Using regex to optimise str_detect in case_when

bragks · July 4, 2018, 12:24pm

I'm trying to wrap my head around regex but I can't figure out how to select both the beginning and end of a word but not what is in-between. I've started doing it the hard way (code below), but my brain already hurts from all the duplication.

To set the new value, e.g. to set "RAP" i need the two first letters "RA", and "p" which can either be the last letter or the second last letter.
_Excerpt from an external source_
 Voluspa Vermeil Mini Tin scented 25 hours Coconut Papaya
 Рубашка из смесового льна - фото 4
The same principle goes for the other alternatives, but when the output ends with "A" the last letter from input will always be "a".
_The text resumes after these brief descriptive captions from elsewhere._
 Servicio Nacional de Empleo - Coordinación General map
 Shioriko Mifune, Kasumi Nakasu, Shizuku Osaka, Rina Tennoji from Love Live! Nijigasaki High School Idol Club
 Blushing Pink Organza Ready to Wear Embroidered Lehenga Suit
Any suggestions are greatly appreciated!

 mutate(
    mr_reg_l1 = case_when(
      str_detect(L1_loc, "^RAPZpm") ~ "RAP",
      str_detect(L1_loc, "^RAPZpl") ~ "RAP",
      str_detect(L1_loc, "^RAPZa") ~ "RAA",
      str_detect(L1_loc, "^RATZa") ~ "RAA",
      str_detect(L1_loc, "^RAPTZp") ~ "RAP",
      str_detect(L1_loc, "^LAPZp") ~ "LAP",
      str_detect(L1_loc, "^LATZp") ~ "LAP",
      str_detect(L1_loc, "^LAPZa") ~ "LAA",
      str_detect(L1_loc, "^LAPTZa") ~ "LAP",
      str_detect(L1_loc, "^RAPZa") ~ "RAA",
      TRUE ~ L1_loc
    )
  )

paul · July 4, 2018, 2:02pm

This should have the desired results and reduce a bit of the repetition:

mutate(
  mr_reg_l1 = case_when(
    str_detect(L1_loc, "^RA") & str_detect(str_extract(L1_loc, ".$"), "a") ~ "RAA",
    str_detect(L1_loc, "^RA") & str_detect(str_extract(L1_loc, "..$"), "p") ~ "RAP",
    str_detect(L1_loc, "^LA") & str_detect(str_extract(L1_loc, ".$"), "a") ~ "LAA",
    str_detect(L1_loc, "^LA") & str_detect(str_extract(L1_loc, "..$"), "p") ~ "LAP",
    TRUE ~ L1_loc
  )
)

The ".$" patterns looks for an "a" in the last letter of each word and the "..$" looks for a p in either of 2 last letters.

As you mentioned, I'm sure you could reduce this further with a more sophisticated regex matching the start and end of the string in one str_detect but my regex knowledge is pretty limited!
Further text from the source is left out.